Dataset items:
· · · · ·
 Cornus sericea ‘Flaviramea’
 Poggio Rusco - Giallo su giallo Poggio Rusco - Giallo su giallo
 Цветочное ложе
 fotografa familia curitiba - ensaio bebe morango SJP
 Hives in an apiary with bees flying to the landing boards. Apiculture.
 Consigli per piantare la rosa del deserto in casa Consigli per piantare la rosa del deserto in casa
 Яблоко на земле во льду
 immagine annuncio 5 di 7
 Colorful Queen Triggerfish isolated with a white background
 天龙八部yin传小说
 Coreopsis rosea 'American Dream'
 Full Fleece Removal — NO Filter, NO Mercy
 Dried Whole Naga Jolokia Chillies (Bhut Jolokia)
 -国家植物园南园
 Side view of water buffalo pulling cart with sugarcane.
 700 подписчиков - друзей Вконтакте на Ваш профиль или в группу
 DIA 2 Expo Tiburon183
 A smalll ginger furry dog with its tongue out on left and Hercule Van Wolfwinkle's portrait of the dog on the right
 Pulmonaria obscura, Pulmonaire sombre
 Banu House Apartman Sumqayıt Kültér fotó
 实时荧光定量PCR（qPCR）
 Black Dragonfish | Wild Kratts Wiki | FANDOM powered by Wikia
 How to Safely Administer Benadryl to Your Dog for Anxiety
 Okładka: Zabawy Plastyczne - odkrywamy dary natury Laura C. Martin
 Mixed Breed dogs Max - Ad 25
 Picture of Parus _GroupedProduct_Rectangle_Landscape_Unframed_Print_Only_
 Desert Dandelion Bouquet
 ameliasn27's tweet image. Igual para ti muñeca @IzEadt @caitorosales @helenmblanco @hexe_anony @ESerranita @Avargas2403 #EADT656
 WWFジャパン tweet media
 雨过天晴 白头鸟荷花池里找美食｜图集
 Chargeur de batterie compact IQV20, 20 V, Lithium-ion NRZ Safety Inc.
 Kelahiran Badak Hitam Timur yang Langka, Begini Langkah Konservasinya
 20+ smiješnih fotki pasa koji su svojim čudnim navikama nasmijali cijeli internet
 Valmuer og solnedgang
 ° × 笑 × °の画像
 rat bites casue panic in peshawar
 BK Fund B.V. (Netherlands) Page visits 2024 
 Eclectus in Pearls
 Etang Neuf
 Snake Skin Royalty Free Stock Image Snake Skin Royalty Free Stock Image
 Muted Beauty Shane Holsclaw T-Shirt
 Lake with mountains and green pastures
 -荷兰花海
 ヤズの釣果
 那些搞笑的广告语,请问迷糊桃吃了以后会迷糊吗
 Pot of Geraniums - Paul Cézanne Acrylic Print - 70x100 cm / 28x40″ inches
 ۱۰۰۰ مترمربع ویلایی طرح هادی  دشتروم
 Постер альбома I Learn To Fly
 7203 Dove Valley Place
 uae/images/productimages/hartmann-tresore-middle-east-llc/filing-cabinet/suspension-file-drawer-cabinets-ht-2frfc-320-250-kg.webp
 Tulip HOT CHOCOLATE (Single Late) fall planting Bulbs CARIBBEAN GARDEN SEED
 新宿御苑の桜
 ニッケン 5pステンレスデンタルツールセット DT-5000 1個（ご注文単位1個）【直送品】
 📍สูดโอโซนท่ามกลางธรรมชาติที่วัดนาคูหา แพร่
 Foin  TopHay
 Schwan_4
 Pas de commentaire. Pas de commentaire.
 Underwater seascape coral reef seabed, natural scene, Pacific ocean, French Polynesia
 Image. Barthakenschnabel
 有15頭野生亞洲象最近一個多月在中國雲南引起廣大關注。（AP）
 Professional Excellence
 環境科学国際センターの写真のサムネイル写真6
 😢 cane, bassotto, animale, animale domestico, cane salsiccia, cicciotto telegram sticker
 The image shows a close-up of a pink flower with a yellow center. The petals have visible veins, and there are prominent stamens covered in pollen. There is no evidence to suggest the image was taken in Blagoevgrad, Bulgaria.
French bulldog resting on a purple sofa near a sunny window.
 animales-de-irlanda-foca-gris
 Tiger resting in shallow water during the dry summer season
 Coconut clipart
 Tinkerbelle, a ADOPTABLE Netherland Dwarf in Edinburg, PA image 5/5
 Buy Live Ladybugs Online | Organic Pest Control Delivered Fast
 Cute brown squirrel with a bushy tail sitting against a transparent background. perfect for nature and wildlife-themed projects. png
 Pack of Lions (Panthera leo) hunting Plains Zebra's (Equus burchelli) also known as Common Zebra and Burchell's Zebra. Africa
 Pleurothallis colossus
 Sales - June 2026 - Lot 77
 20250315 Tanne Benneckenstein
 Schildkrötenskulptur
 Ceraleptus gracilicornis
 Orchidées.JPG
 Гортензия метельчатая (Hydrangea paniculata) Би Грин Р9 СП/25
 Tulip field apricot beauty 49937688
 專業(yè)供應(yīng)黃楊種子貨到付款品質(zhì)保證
· · · · ·
Problem description: Start with the line above that contains "ameliasn27's tweet image." and stop after the line that contains "7203 Dove Valley Place". Output those lines exactly, and only those.

Result below:
 ameliasn27's tweet image. Igual para ti muñeca @IzEadt @caitorosales @helenmblanco @hexe_anony @ESerranita @Avargas2403 #EADT656
 WWFジャパン tweet media
 雨过天晴 白头鸟荷花池里找美食｜图集
 Chargeur de batterie compact IQV20, 20 V, Lithium-ion NRZ Safety Inc.
 Kelahiran Badak Hitam Timur yang Langka, Begini Langkah Konservasinya
 20+ smiješnih fotki pasa koji su svojim čudnim navikama nasmijali cijeli internet
 Valmuer og solnedgang
 ° × 笑 × °の画像
 rat bites casue panic in peshawar
 BK Fund B.V. (Netherlands) Page visits 2024 
 Eclectus in Pearls
 Etang Neuf
 Snake Skin Royalty Free Stock Image Snake Skin Royalty Free Stock Image
 Muted Beauty Shane Holsclaw T-Shirt
 Lake with mountains and green pastures
 -荷兰花海
 ヤズの釣果
 那些搞笑的广告语,请问迷糊桃吃了以后会迷糊吗
 Pot of Geraniums - Paul Cézanne Acrylic Print - 70x100 cm / 28x40″ inches
 ۱۰۰۰ مترمربع ویلایی طرح هادی  دشتروم
 Постер альбома I Learn To Fly
 7203 Dove Valley Place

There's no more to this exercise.